9 While these things were occurring in Epirus, king Demetrius in Macedonia died, leaving a son named Philippus, quite a child; 10 and Antigonus, being appointed his guardian, and marrying his mother, did his utmost to get himself made king. 11 But some time after, being besieged in the palace by an alarming insurrection of the Macedonians, he walked forth publicly unattended by his guards, 12 and throwing his diadem and purple robe among the mob, bade them "give those to somebody else, who either knew not how to rule them, or whom they knew how to obey; 13 for that he had found regal authority enviable, not for its pleasures, but for its toils and dangers." 14 He then mentioned his own services; "how he had punished the defection of their allies; how he had put down the Dardanians and Thessalians, when they were in exultation at the death of king Demetrius; how he had not only maintained the honour of the Macedonians, but added to it. 15 Yet, if they were displeased at such services, he was ready to resign the government, and to return what they had conferred upon him; and they themselves might look out for a prince whom they could govern." 16 The people, overcome with shame, bade him resume the regal authority; but he refused to do so till the leaders of the insurrection were delivered up to punishment.
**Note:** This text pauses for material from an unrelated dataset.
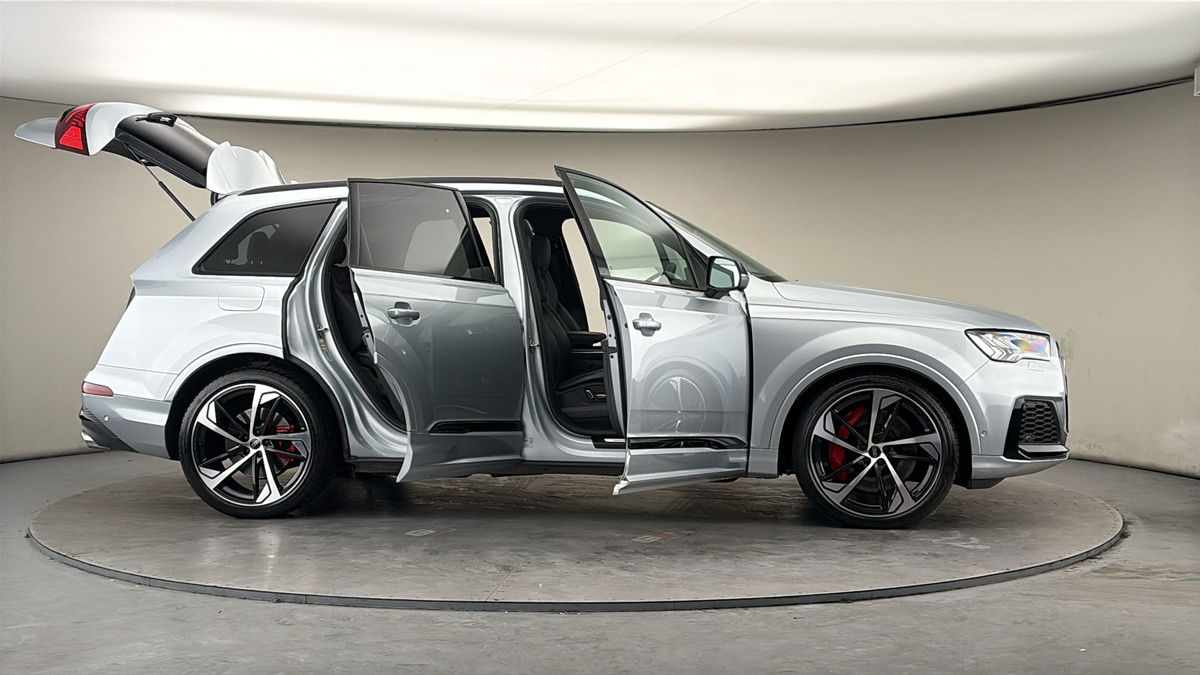 More views of Audi SQ7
[28.4]   L  After this occurrence he made war upon the Spartans, who were the only people that, during the wars of Philippus and Alexander, had set at nought the power of the Macedonians, and those arms which were dreaded by every other nation. 2 Between these two most remarkable peoples war was prosecuted with the greatest vigour on both sides, the one fighting to support the old glory of the Macedonians, and the other, not only to secure their hitherto unviolated liberty, but even their lives. 3 The Lacedaemonians being worsted, not only the men, but their wives and children, endured their adverse fortune with magnanimity. 4 As no man had shrunk from exposing his life in the field, so no woman wept for her lost husband; the old men extolled the honourable deaths of their sons, and the sons rejoiced over their fathers that were slain in battle; and all who survived lamented their lot, in not having died for the liberty of their country. 5 All received the wounded with open doors, dressed their wounds, and recruited them in their exhaustion. 6 In this condition of affairs, there was no noise or hurry in the city, and everyone lamented the public suffering more than his own private troubles. 7 In the course of these proceedings, king Cleomenes returned, with his whole body wet, after the great slaughter that he had made among the enemy, with his own blood and that of his adversaries, 8 and, entering the city, did not rest himself on the ground, or call for meat or drink, or even relieve himself from the weight of his armour, 9 but leaning against a wall, and finding that only four thousand men survived the battle, exhorted them "to reserve themselves for the better times that would come to their country." 10 He then set out with his wife and children to Egypt to Ptolemy, by whom he was honourably received, and lived a long time in the highest esteem with that monarch. 11 After the decease of Ptolemy, he was put to death, with all his family, by Ptolemy's son.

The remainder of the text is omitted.